Biyografi Habib-i Acemi

Konusu 'İslam büyüklerinin hayatları' forumundadır ve Adile tarafından 23 Ekim 2013 başlatılmıştır.

  1. Adile

    Adile Admin

    Habib-i Acemi hz., islam bilginlerindendir. Şehrin her tarafına tellallar çıkararak; "Her kimin Habib'e borcu varsa, bundan vazgeçti. Aldığı faizleri de geri dağıtacaktır!" diye ilan ettirdi. Servetinin tamamını fakirlere dağıttı. Günün birinde bir kişi geldi. Dağıtacak malı kalmadığından, üzerindeki gömleği gelen kişiye verdi.

    Sonra Fırat Nehrinin kenarında bir kulübe yapıp orada ibadetle meşgul oldu. Gündüz Hasan-ı Basri (r.anh)'nın sohbetinde bulunup, gece ibadet ederdi. Hasan-ı Basri hz. sözleri kalbine öyle tesir ederdi ki, kendinden geçmiş olarak dinlerdi.

    Eskiden çok zengindi. Faizle para verirdi.Her gün borç tahsil etmeye çıkardı. Para olarak borcunu tahsil edemediği vakit, ayak kirası alır, onunla da o günün rızkını temin ederdi. Bir gün borç tahsil etmeye gitti. Aradığı şahsı evinde bulamadı. Borçlunun hanımı; "Sana verilecek bir şeyim yoktur. Yalnızca bir koyun kellesi var. İstersen onu vereyim." dedi. Habib-i Acemi teklifi kabul etti. Onu evine götürdü. Hanımına; "Bunu pişir de yiyelim." dedi. Hanımı; "Evde odun ve ekmek yok." dedi.

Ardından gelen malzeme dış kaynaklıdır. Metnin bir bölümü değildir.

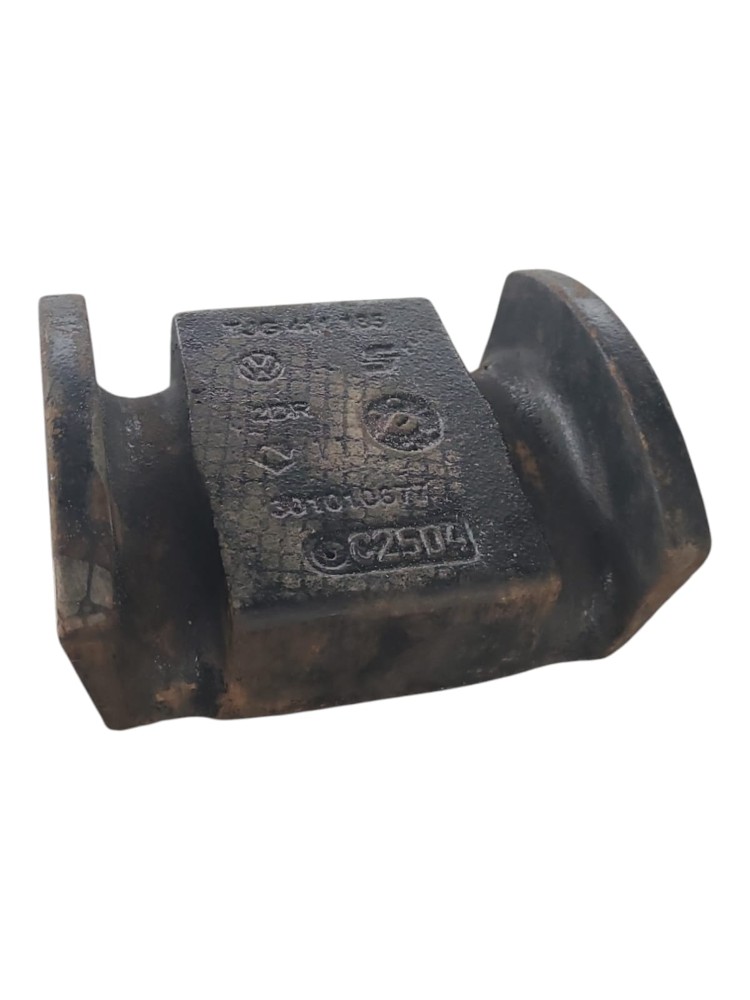 Calco Guia Grampo Feixe Vw Constellation 3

    Habib-i Acemi (r.anh) aynı usulle odun ve ekmek alıp geldi. Hanımı yemeği pişirip önüne koydu. Tam yemeği yiyeceği esnada, kapıya birisi geldi. "Allah rızası için bir sadaka." dedi.Habib dilenciye; "Bunca zamandan beri sana o kadar şey veriyoruz.
    Sen zengin olmadın, ama biz fakir oluyoruz." diyerek yüzüne kapıyı kapadı. O kimse mahzun olarak gitti. Habib-i Acemi, geri sofraya geldiğinde kabın içindeki yemeğin kan haline dönmüş olduğunu gördü. O anda kalbinde bir değişiklik hissetti. Yerinde duramadı. Bir Cuma günü Hasan-ı Basri (r.anh)'nın evinin yolunu tuttu. Yolda giderken, oyun oynayan çocuklarHabib-i Acemi'yi görünce birbirlerine; "Kaçın kaçın, faiz yiyen Habib geliyor. Ayağından kalkan toz bize gelir de, biz de onun gibi bedbaht oluruz!" dediler.

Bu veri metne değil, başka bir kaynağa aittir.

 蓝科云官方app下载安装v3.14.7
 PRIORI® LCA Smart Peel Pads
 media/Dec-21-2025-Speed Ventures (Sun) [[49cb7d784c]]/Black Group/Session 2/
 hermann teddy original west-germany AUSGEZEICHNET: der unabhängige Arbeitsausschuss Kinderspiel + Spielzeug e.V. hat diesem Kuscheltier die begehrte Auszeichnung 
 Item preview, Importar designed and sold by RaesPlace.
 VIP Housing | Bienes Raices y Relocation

    Çocukların bu sözleri kendisine çok ağır geldi. Hasan-ı Basri hz. meclisine gelip elini öptü. Yüce Allahu tealanın, sonsuz olan lütfu ve ihsanı ile tövbe-i nasuh eyledi ve onun talebelerinden oldu. Önceki yaptıklarına çok pişman oldu. Yüce Allahu tealaya şöyle münacatta bulundu: "Ya Rabbi! Ben çok günahkarım. Yalnız senin magfiretin sonsuzdur. Beni affet. Senin her şeye gücün yeter. Kudretin sonsuzdur. Dilediğini yaparsın. Sen öyle büyüksün ki, benim dermanım yalnız sendedir. Ben yalnız sana sığınırım. Ya Rabbi! Fermanına boyun eğdim ve sana teslim oldum. Beni affet!"

    Oradan ayrılıp evine dönerken kendisine borcu olanlar onu görüp alacaklarını ister endişesiyle kaçmak istediler. Bu durumu görünce; "Kaçmayın! Bugün benim sizden kaçmam lazımdır." buyurdu.Yolda giderken yine oyun oynayan çocukların yanından geçiyordu. Çocuklar kendisini görünce birbirlerine; "Kaçın, kaçın! Tövbekar Habib geliyor. Üzerine bizden toz bulaşmasın. Bulaşırsa Yüce Allah'a asi oluruz." dediler. Çocukların bu sözleri üzerine çok duygulandı, yüreği sızladı ve; "Ya Rabbi! Bir tövbemle ismimi iyilerden eyledin." diye şükretti.